À défaut de l'harmonisation un moment envisagée autour d'un pavillon communautaire économique, les procédures de contrôle par l'État du port ainsi que les initiatives prises par l'Union européenne pour faire ratifier et appliquer les conventions internationales les plus avancées en matière de sécurité, visent à éliminer des eaux européennes les navires les moins sûrs. Elles n'atténuent qu'en partie les écarts qui conduisent les entreprises à faire le choix d'immatriculations étrangères, en particulier pour les navires exploités au cabotage international, où la part des coûts d'exploitation est plus importante compte tenu du prix des navires.

B. L'État actionnaire : Le déclin de la CGM manifeste l'échec de la politique de l'État actionnaire et illustre l'échec de politique maritime française.

En 1996, la Compagnie Générale Maritime (CGM) a été privatisée et acquise par la Compagnie Maritime d'Affrètement (CMA). La CGM était la seule Compagnie française d'État à l'activité transocéanique. Elle a été créée en 1977 par la fusion des Messageries Maritimes et de la Compagnie Générale Transatlantique, toutes deux compagnies au capital public depuis 1933 et 1948.

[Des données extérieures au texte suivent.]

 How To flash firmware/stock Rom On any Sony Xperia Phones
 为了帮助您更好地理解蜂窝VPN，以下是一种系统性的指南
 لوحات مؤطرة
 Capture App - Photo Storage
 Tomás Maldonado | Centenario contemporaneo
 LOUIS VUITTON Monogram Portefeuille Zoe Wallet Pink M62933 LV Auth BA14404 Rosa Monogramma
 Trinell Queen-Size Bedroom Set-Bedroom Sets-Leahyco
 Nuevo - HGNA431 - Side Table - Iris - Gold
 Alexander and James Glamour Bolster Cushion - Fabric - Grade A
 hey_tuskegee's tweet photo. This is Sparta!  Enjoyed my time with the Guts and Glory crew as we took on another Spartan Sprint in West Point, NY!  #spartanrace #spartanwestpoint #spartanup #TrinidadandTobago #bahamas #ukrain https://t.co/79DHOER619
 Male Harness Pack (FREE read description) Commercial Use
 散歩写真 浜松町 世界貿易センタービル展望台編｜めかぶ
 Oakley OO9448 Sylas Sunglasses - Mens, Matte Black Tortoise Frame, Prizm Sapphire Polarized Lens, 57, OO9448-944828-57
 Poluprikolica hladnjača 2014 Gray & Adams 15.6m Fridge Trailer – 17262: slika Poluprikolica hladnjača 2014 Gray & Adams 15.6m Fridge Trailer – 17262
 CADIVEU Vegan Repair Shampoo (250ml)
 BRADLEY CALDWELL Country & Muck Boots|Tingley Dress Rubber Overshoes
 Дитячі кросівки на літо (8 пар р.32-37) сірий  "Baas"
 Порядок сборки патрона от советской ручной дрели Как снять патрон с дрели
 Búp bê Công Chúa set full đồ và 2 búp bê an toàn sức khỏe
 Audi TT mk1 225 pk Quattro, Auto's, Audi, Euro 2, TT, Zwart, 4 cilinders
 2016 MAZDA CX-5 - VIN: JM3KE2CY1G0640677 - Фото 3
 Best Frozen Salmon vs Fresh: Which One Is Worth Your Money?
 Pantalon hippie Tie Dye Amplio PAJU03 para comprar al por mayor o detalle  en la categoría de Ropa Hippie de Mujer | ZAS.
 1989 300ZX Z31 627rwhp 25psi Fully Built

La privatisation ponctue le déclin de la compagnie. Ainsi, en 1994, la CGM n'occupait plus que la 22 ème place mondiale dans le transport de conteneurs, alors qu'elle se situait au 7 ème rang en 1979. Depuis les années 1980, la CGM a souffert à la fois de sous capitalisation et d'insuffisance de compétitivité. Ce double handicap était le résultat du processus historique qui a conduit à la marginalisation de la Compagnie. La privatisation avait pour objet de faire sortir du secteur public un actif aux résultats faibles.

- Une situation délicate

Les positions fortes de la CGM sur les axes Nord-Sud contrastent avec la faiblesse structurelle sur les axes Est-Ouest. Le réseau CGM est centré sur l'Europe. Les axes se structurent en étoile à partir de ce centre. Depuis la fin des années 1970, le réseau de la CGM est stable, alors que les concurrents, loin de disperser leurs efforts vers des relations secondaires, continuent de concentrer l'essentiel de leur flotte sur les axes Est-Ouest. En 1995, la CGM n'est plus qu'un transporteur Nord-Sud, qui agit aux périphéries de l'espace maritime, essentiellement concentré sur les « niches » de l'outre mer francophone.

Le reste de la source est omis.